Proposal for Customizing Google’s Crawlable Ajax URLs

On the Shepherd Interactive site, we have a dynamic navigation menu in Flash. In order to prevent it from having to reload each time a page is changed, I implemented Ajax loading so that the SWF only has to load once. This is similar to what Lala and Facebook do. So if your browser is Ajax-enabled, upon visiting:

http://shepherdinteractive.com/portfolio/interactive/

You will get redirected to site root / with the old path supplied as the URL hash fragment which is then loaded in via JavaScript as the page content:

http://shepherdinteractive.com/#portfolio/interactive/

However, according to Google’s Making AJAX Applications Crawlable specification, Ajax pretty URLs are any containing a hash fragment beginning with !, for example:

http://shepherdinteractive.com/#!portfolio/interactive/

The purpose of the ! is merely to inform Googlebot that such a URL is for an Ajax page whose content can be fetched via:

http://shepherdinteractive.com/?_escaped_fragment_=portfolio/interactive/

The problem I have with Google’s specification is that the pretty URL Ajax fragment prefix (!) is mandated; it is not customizable.

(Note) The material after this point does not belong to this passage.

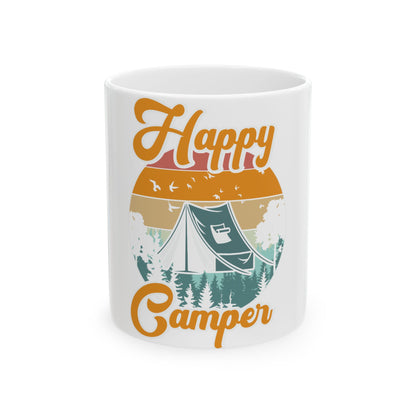 Mug with "Happy Camper" text, tent, and sunset forest scene.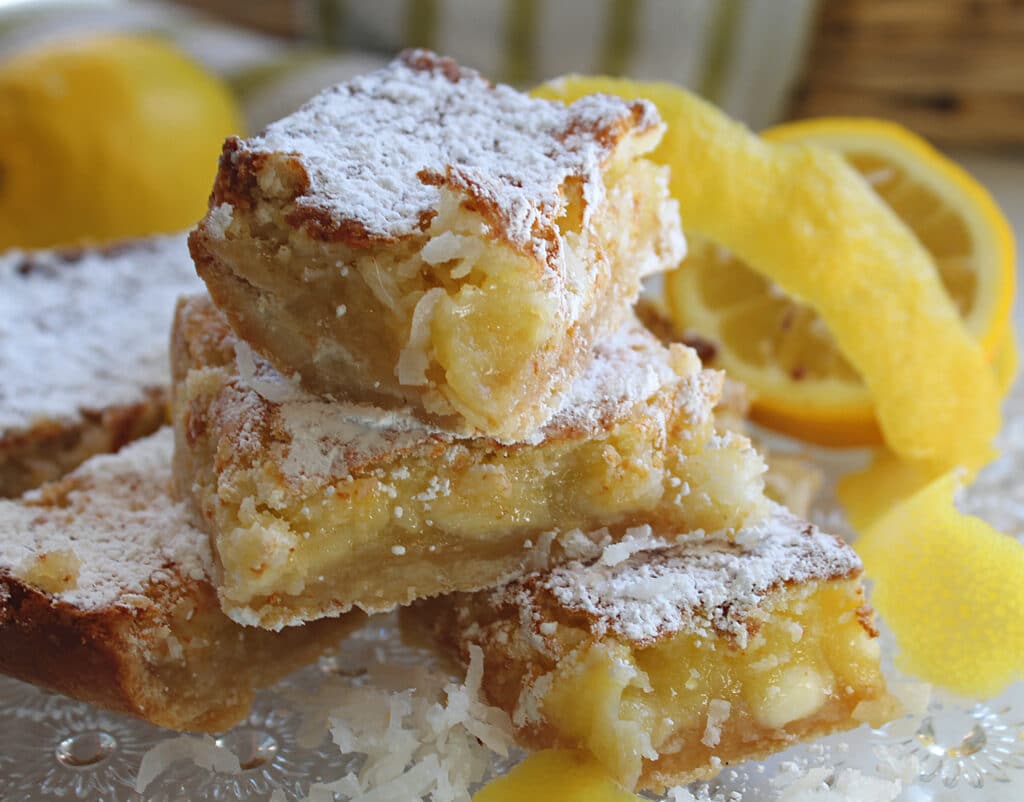 Up close stacked lemon bars with lemon shavings, lemons, coconut on a crystal serving tray.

I should be able to tell Googlebot which fragment identifiers are for Ajax content and which are not. Therefore, instead of requiring authors to to conform to Google’s Ajax specification, I propose that Google adopt an extension to robots.txt which allows site owners to let Googlebot know what to look for. The current specification’s mandate for ! could be indicated via:

Ajax-Fragment-Prefix: !

Or it could be changed to anything else, such as “ajax:“. If the Ajax fragment doesn’t have a prefix at all (as in the case of Shepherd Interactive’s website above), a regular expression pattern match could be specified in robots.txt, for example:

Ajax-Fragment-Pattern: .+/

This would tell Googlebot that a URL with a fragment containing a slash should be fetched via the _escaped_fragment_ query parameter, and that the Ajax URL itself (including the fragment identifier) should be indexed and returned verbatim in the search results.

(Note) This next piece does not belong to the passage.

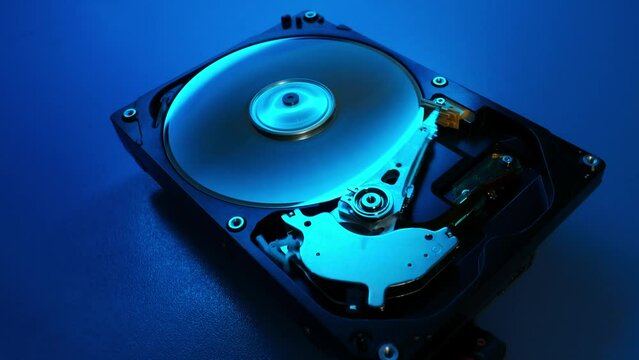 Disassembled hard drive works in blue light in the dark, close up. Hard disk from the inside. Broken tightness of the hard drive. HDD repair, Data Recovery.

It’s true that the Shepherd Interactive site implements Hijax (progressive enhancement with Ajax) techniques, so every Ajax URL has a corresponding non-Ajax URL; so in this sense, Google can still access all of the content. The problem, however, is with links to Ajax URLs from around the Web. I assume for Googlebot, every link to an Ajax URL without the obligatory prefix ! is interpreted as referring to the home page (site root /):

http://shepherdinteractive.com/#portfolio/interactive/harmer-steel/
http://shepherdinteractive.com/#about-us/our-company/
http://shepherdinteractive.com/#services/web-development/

So Google then assigns no additional PageRank to our Ajax URLs since it gets assigned to the home page. If, however, Googlebot could be told that those are actually Ajax URLs, then the PageRank could be properly assigned. (My assumptions here could be incorrect.)

Thoughts?

Update 2010-04-22: “Cowboy” Ben Alman brought up the excellent point that customizable Ajax-crawlable URLs need to work on a per-path basis, as different single page web apps on the same server (or even in the same folder) might have different URI requirements. I wonder if in addition to (or instead of) using robots.txt to tell Googlebot the format of the Ajax-crawlable URLs, why not allow that information to be placed in meta tags? Their specification already includes:

<meta name="fragment" content="!">

Why not make Googlebot support additional meta tags for recognizing the prefix (if any) or pattern that characterizes an Ajax-crawlable URL on a given page? For example:

Current default behavior:: <meta name="crawlable-fragment-prefix" content="!">
Starting with “/” like …about/#/us/:: <meta name="crawlable-fragment-prefix" content="/">
All fragments are crawlable:: <meta name="crawlable-fragment-prefix" content="">
Any fragment ending with a slash:: <meta name="crawlable-fragment-pattern" content=".+/">

With these meta tags, authors would be able to have complete page-level control over the structure of Ajax-crawlable URLs (hash fragments).

Comments

6 responses to “Proposal for Customizing Google’s Crawlable Ajax URLs”

April 22, 2010

“Cowboy” Ben Alman

Weston, I agree completely… The completely arbitrary fragment pattern that Google is enforcing here is exactly that.. arbitrary. I don’t want to have to change the way my URIs are decorated on Google’s whim. The robots.txt suggestion is SO much more user-friendly (and hidden from the end-user and my JavaScript).

Granted, any proposed solution needs to be able to work on a per-path basis, as different single page web apps on the same server (or even in the same folder) might have different URI requirements.

Reply
April 22, 2010

Weston Ruter

@cowboy: I’m glad you agree! Any idea on how to communicate our concerns back to Google? I searched and searched for a forum/group to be able to share my feedback, but I didn’t come up with much.

Reply
April 22, 2010

“Cowboy” Ben Alman

Weston, I think the Meta tag is a great per-page solution, and I wouldn’t mind seeing even just a plain ol’ <meta type="crawlable-fragment" content="yes"/> or something similar that denotes “this is a crawlable single-page web app.”

Reply
April 27, 2010

Ajaxian » Telling robots about your crawl-able Ajax apps

[…] Weston Ruter wants to talk to the search robots out there and tell them about the URL format for crawling Ajax apps. […]

Reply
April 28, 2010

Kyle

I like the idea of us having more control as opposed to being locked into Google’s conventions. I also strongly feel we should be able to control the “_escaped_fragment=” part too… what if my app already uses that parameter name for something else?

Reply
May 20, 2010

Bob

I like the idea of us having more control as opposed to being locked into Google’s conventions. I also strongly feel we should be able to control the “_escaped_fragment=” part too… what if my app already uses that parameter name for something else?

Uh, rename it? You’re already going to be jumping through hoops to make all this work anyway. I suppose you want to customize background-color to be backgroundColor or just bgc in CSS too? Frankly the background details end users never see aren’t much of a concern to me, and #! is a fair convention to use, if we’re going to be adopting this mess.

Granted, they could offer something more customizable, but in the end all it means more processor time on their servers just to stroke the egos of the 0.0001% of us who make the web sites. Anyway why would you, being Google want to give up branding/bragging rights?

I don’t think we’re there yet with this #! mess; but we can’t disguise theming it as improving it either…

Reply